_Task statement:_ Since pictures are not part of the copy, please output only the lines from the one with "A Masterclass in" through the end of the data below, exactly as written.

_Data extract:_
BEGIN

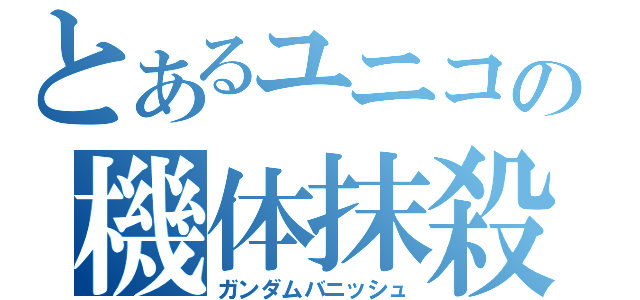 とあるユニコの機体抹殺（ガンダムバニッシュ）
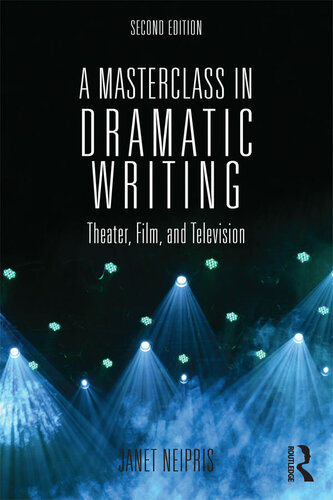 A Masterclass in Dramatic Writing: Theater, Film, and Television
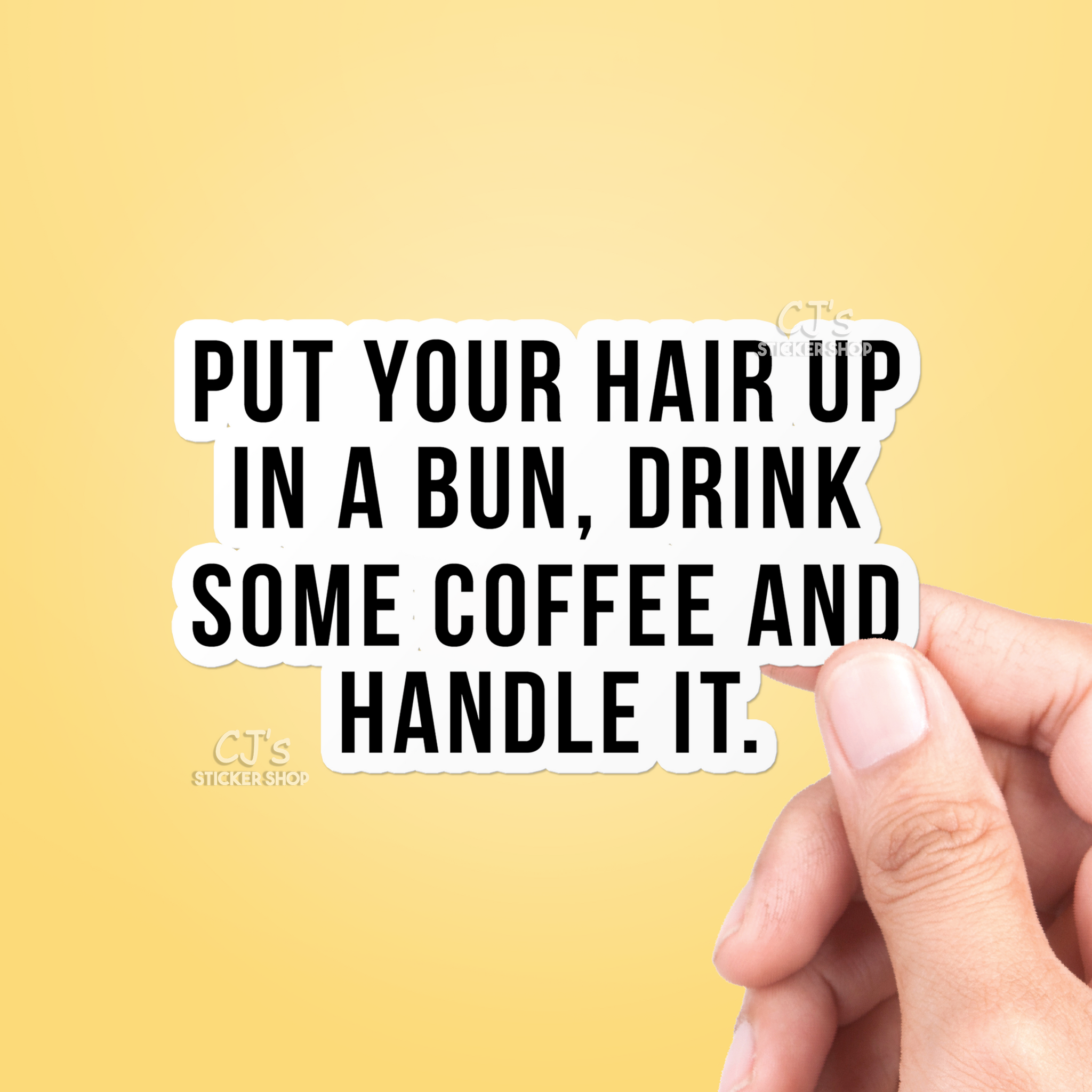 Put Your Hair Up In A Bun Sticker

END

_Exercise response:_
 A Masterclass in Dramatic Writing: Theater, Film, and Television
 Put Your Hair Up In A Bun Sticker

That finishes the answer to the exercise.